Showing posts with label Dialogue. Show all posts
Showing posts with label Dialogue. Show all posts

Friday, December 9, 2011

Writing Credible Historical Dialogue

by Beryl Kingston

There is a common and cheerful fallacy that we are all the same 'under the skin' and that our fictional characters will therefore think and speak in the same way as we do. It leads to some wincingly anachronistic dialogue in 'historical dramas' both on screen and TV and I don't believe it is necessarily so. We are all children of our times and, particularly if we live in Britain, of our class. Even in quite a short lifetime we all see speech and attitudes changing. To give you an example, which has always made me smile, my grandmother, born in 1871 and a lower middle class Victorian, used to admonish little girls who were showing their knickers to 'Cover your whereabouts'. She had no word for the female genitalia and her disapproval of them was clear in the words and tone in which they were spoken. A far cry from the Vagina Monologues.

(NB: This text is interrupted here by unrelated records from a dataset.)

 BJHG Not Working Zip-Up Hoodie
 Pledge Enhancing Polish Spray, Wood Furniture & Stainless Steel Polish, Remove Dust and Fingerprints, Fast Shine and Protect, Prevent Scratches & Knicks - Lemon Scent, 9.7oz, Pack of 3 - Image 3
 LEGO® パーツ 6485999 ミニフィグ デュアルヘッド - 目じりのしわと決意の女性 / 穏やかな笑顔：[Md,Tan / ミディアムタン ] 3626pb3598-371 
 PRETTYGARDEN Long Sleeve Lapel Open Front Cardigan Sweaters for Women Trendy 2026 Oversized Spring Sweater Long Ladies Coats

Similarly, when I was writing a musical back in the sixties about Ben Tillett and the dockers' strike of 1889, I found a column in a contemporaneous copy of The Times in which the marching strikers were described in scathing terms, 'carrying stinking fishheads on a pole' while in the very next column, a 'splendid sermon' given by a renowed bishop, on the text ' Thank God you are rich' was endorsed and applauded for its 'high moral tone.' I don't think a bishop would preach in such terms today. Could be wrong though.

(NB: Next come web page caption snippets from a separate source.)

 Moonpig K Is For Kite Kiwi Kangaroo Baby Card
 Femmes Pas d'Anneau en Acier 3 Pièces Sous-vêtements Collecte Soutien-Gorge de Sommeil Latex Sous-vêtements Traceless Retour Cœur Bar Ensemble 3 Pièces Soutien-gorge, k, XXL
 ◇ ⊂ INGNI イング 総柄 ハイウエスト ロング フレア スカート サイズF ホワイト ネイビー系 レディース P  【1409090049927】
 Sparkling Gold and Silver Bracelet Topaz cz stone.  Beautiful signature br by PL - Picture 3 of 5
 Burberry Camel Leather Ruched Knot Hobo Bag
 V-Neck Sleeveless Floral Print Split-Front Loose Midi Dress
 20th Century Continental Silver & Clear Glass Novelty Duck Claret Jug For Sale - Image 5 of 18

Contemporary newpapers and magazines are good if you're looking for current opinions and accepted prejudices although the language they use is mostly educated and upper middle to upper class and you won't find any working class voices there.

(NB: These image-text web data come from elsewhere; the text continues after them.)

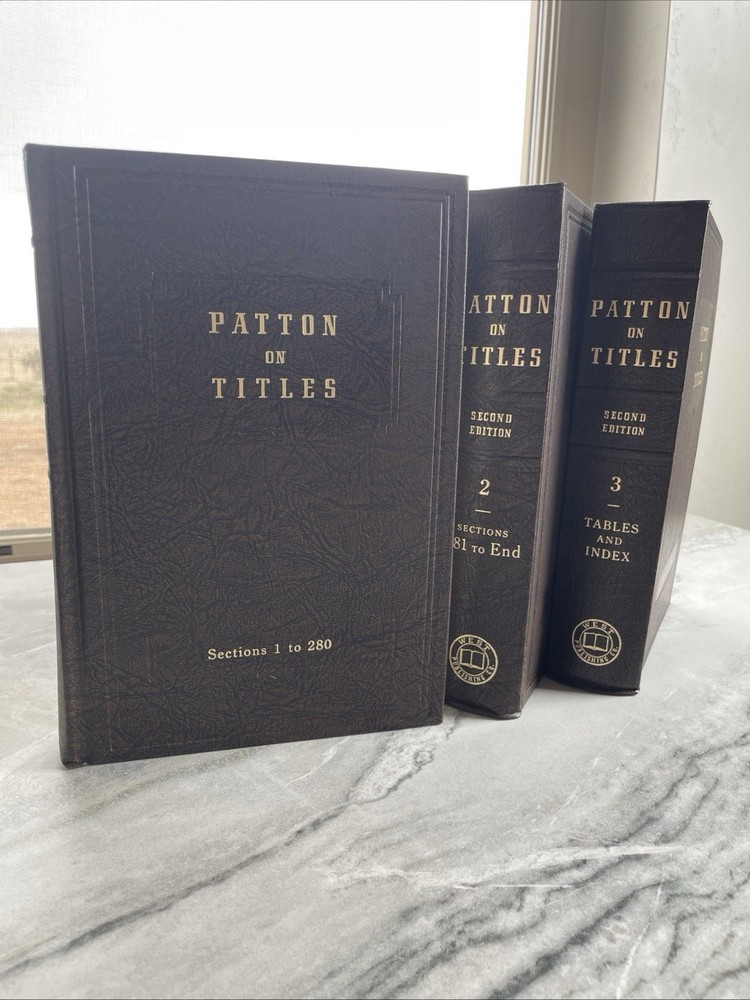 3 Volumes Patton on Titles Second Edition West Publishing Co.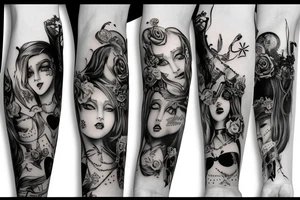 gothic style kinky Alice in wonderland themed arm sleeve tattoo idea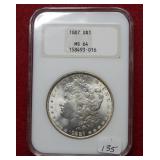 1887 Morgan Silver Dollar NGC MS64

Contemporary fiction and drama is better because it gives a wider range of speech patterns, quirks of speech, dialect and opinions. I say this over and over again when I'm giving classes. Always sit at the feet of the great. Dickens is superlative for the voices of the nineteenth century. So is Mayhew, because being a reporter he quotes actaul words. Austen is superb for the middle class mores and speech of southern England, the Brontes are equally superb in their own county and they have a wider range. Shakespeare gives you the variety, humour and stunning word play of Elizabethan England and if you want the speech of the fourteenth century look at the Miracle Plays. The list is enormous and local librarians - while we still have them - will point you to more in your chosen time and region. But go for the most powerfu writers. They have a truer ear.

I'm on a happy hobby-horse here and probably telling you things you already know. In which case I hope you'll tell me.